The spinal cord is a bundle of nerves extending from the brain down the backbone. Pairs of nerves branch off from the spinal cord at each vertebra. These nerves are the control and sensation pathways from the body to the brain.

The nerves correspond to areas of the body and, broadly, the higher pairs of nerves service the higher parts of the body, and the lower nerves lead to the lower parts.

The nerves accountable for sensation are quite complicated; different nerves are responsible for different types of physical sense. A person with an incomplete spinal cord injury may lose their ability to detect changes in temperature, but may retain the ability to feel pressure.

Being able to feel vibration is a specific sense that can be lost. People with certain spinal cord injuries may also experience ‘phantom’ pains or sensations, such as pins and needles even where no functional sensation pathway exists.

Another sense that can be impaired by an SCI is proprioception – the body’s innate sense of the position of every part of itself – the sense that means we know where each part of our body is in relation to the rest. If you close your eyes and extend your arm then try to touch the tip of your nose, you’re using proprioception.

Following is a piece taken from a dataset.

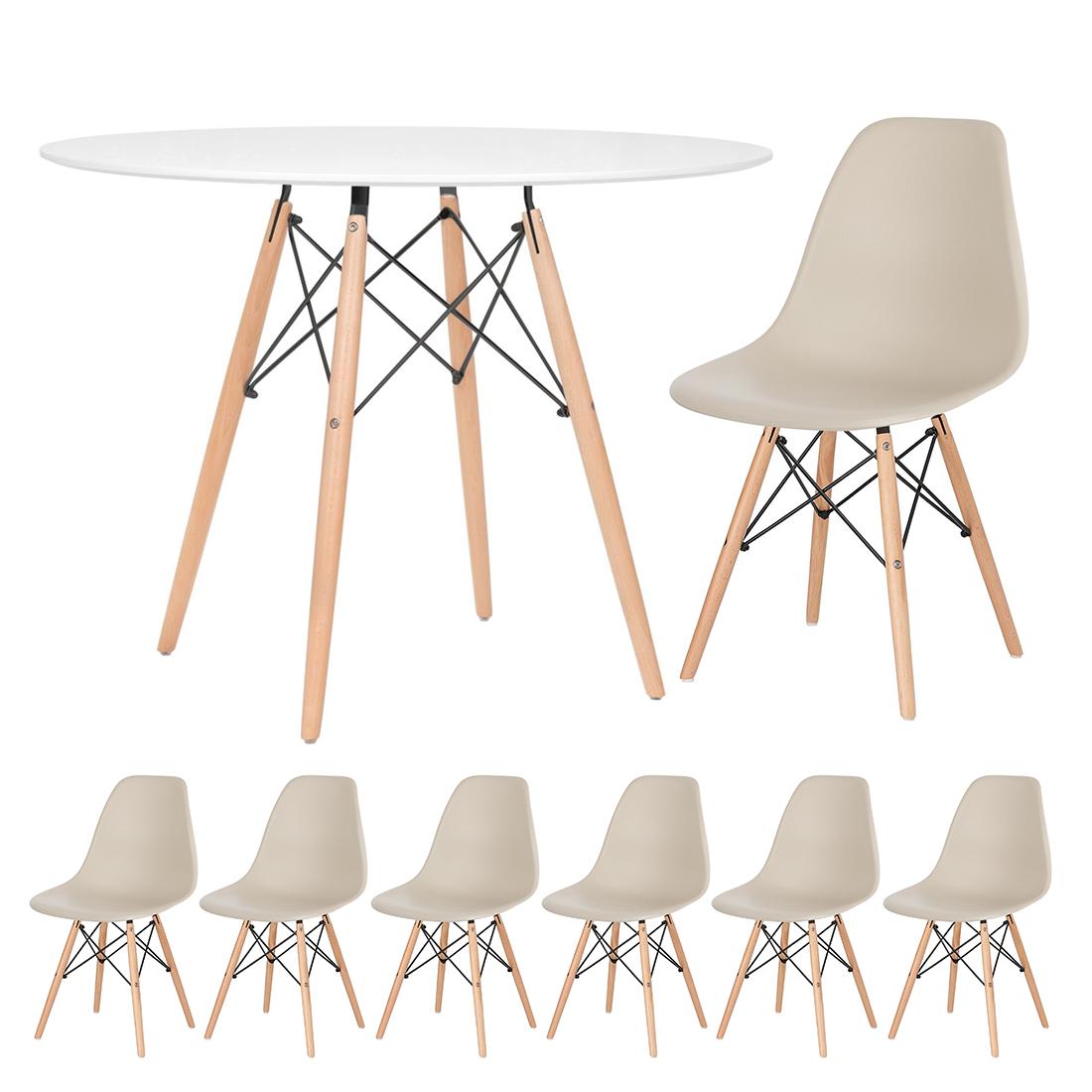 Mesa branco com cadeiras nude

Damage to the spinal cord affects the nerves from that point down, not just the nerves at the point of injury. It can affect sensation, coordination, movement and motor ability. Depending on its level and severity, spinal cord injury in most situations causes continence and sexual function issues.

Severe spinal cord injuries can make people more likely to be affected by other conditions. A person who cannot clear their own chest secretions by coughing is at risk of chest infections, and a person who has reduced sensation can be at risk of skin and tissue damage from pressure or moisture.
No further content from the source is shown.